IEEE Trans Neural Netw Learn Syst. 2017 Dec;28(12):2936-2948. doi: 10.1109/TNNLS.2016.2608354. Epub 2016 Sep 27.
Cluster validation, which is the process of evaluating the quality of clustering results, plays an important role for practical machine learning systems. Categorical sequences, such as biological sequences in computational biology, have become common in real-world applications. Different from previous studies, which mainly focused on attribute-value data, in this paper, we work on the cluster validation problem for categorical sequences. The evaluation of sequences clustering is currently difficult due to the lack of an internal validation criterion defined with regard to the structural features hidden in sequences. To solve this problem, in this paper, a novel cluster validity index (CVI) is proposed as a function of clustering, with the intracluster structural compactness and intercluster structural separation linearly combined to measure the quality of sequence clusters. A partition-based algorithm for robust clustering of categorical sequences is also proposed, which provides the new measure with high-quality clustering results by the deterministic initialization and the elimination of noise clusters using an information theoretic method. The new clustering algorithm and the CVI are then assembled within the common model selection procedure to determine the number of clusters in categorical sequence sets. A case study on commonly used protein sequences and the experimental results on some real-world sequence sets from different domains are given to demonstrate the performance of the proposed method.
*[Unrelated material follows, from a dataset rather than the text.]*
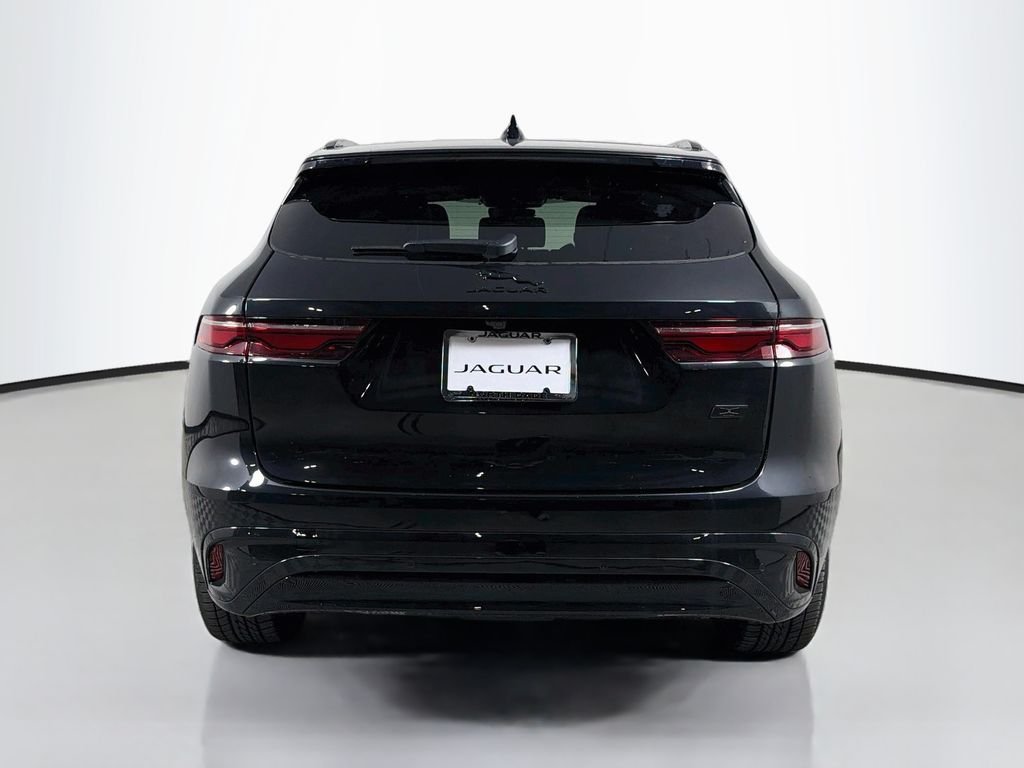 New 2026 Santorini Black Jaguar P250 R-Dynamic S image 6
聚类验证是评估聚类结果质量的过程,在实际机器学习系统中起着重要作用。类别序列,如计算生物学中的生物序列,在实际应用中已经变得很常见。与之前主要关注属性值数据的研究不同,本文针对类别序列的聚类验证问题展开研究。由于缺乏针对序列中隐藏结构特征的内部验证标准,因此目前对序列聚类的评估较为困难。为了解决这个问题,本文提出了一种新的聚类有效性指数(CVI),它是聚类的函数,将簇内结构紧凑性和簇间结构分离性线性组合起来,以衡量序列簇的质量。还提出了一种基于划分的类别序列稳健聚类算法,该算法通过确定性初始化和使用信息论方法消除噪声簇,为新的度量方法提供了高质量的聚类结果。新的聚类算法和 CVI 随后被组装在通用的模型选择过程中,以确定类别序列集中的聚类数量。通过常用蛋白质序列的案例研究和来自不同领域的一些真实序列集的实验结果,验证了所提出方法的性能。